Neben den Tausend-Dollar-Scheinen lagen Zeitungsausschnitte von dem blutigen Attentat im Einkaufszentrum, Berichte über die Polizei-Ermittlungen und von Hand geführte Notizen über den Todesschützen Harry Zott. In einem Briefumschlag fand Clark Bilder von einem Gebäude, das an einer großen Straßenkreuzung lag. Er wusste, dass er dieses Haus irgendwo schon einmal gesehen hatte, doch leider nicht mehr, wann und wo und was daran so besonders war. Clark kramte weiter und hätte fast den Brief auf den Geldbündeln übersehen. Er nahm ihn und wollte gerade Lesen, da drehte Cassandra das Wasser in der Dusche ab! Er überflog alles und las nur die letzten Sätze. »Solange die See stürmt, bleiben wir in Ägypten und lassen die Sache auf sich beruhen. Wenn Gras über Johns Tod gewachsen ist, sehen wir uns wieder, bis dahin viel Glück und alles Gute. In Liebe, dein Donovan Hill.« Clark blieb die Spucke weg. Hill war gar kein Ort, sondern ein Mann! Er legte den Brief hastig zurück, senkte vorsichtig den schweren Deckel und rührte ihn nie wieder an.

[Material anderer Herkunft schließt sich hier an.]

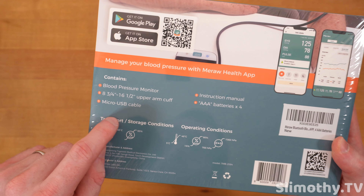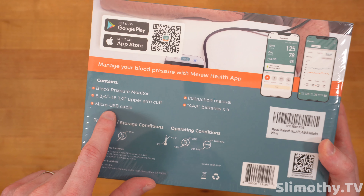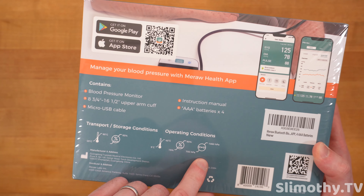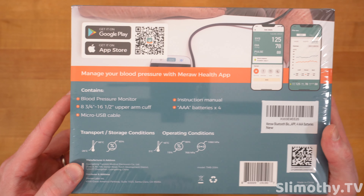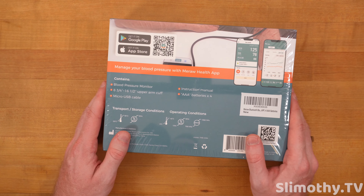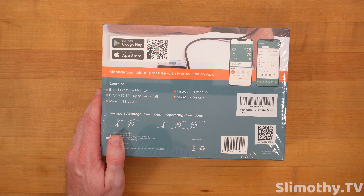Taking a look around the box, here's what it contains: blood pressure monitor, upper arm cuff, micro USB cable — that should be USB-C, it's 2024 — instruction manual, and four triple-A batteries. Here are the operating conditions and here is what the app looks like, but we're going to explore all of that in this video.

Clark steht immer noch in der Küche und starrt wie angewurzelt auf den durchgelaufenen Kaffee. Er schaut auf die Uhr. In einer halben Stunde beginnt sein Dienst. Er nimmt sich eine schwarze Tasse aus der weißen Vitrine und gießt sich nachdenklich Kaffee ein. Als zwölfjähriger war es ihm unmöglich zu schätzen, wie viel Geld in der Truhe war, doch heute würde er sagen, dass es mindestens eine Million kanadische Dollar waren. Damals hatte er noch keine Vorstellung davon, wie seine Mutter an das Geld gekommen war und warum sie es in der alten Holzkiste versteckt hielt. Clark rätselt bis heute, wo er das Gebäude auf den Fotos schon einmal gesehen hat. Aber was ihn seitdem am meisten quält, ist die kaltblütige Lüge seiner Mutter, ihre Androhung von Prügeln, sollte er seinen Schwestern etwas von einem Ort erzählen, der in Wirklichkeit ein Mann namens Donovan Hill war – ein Mann, zu dem Clark kein Gesicht hat, der aber garantiert deshalb verschwunden ist, weil er mit dem Mord an John-Jay Simon nicht in Verbindung gebracht werden wollte.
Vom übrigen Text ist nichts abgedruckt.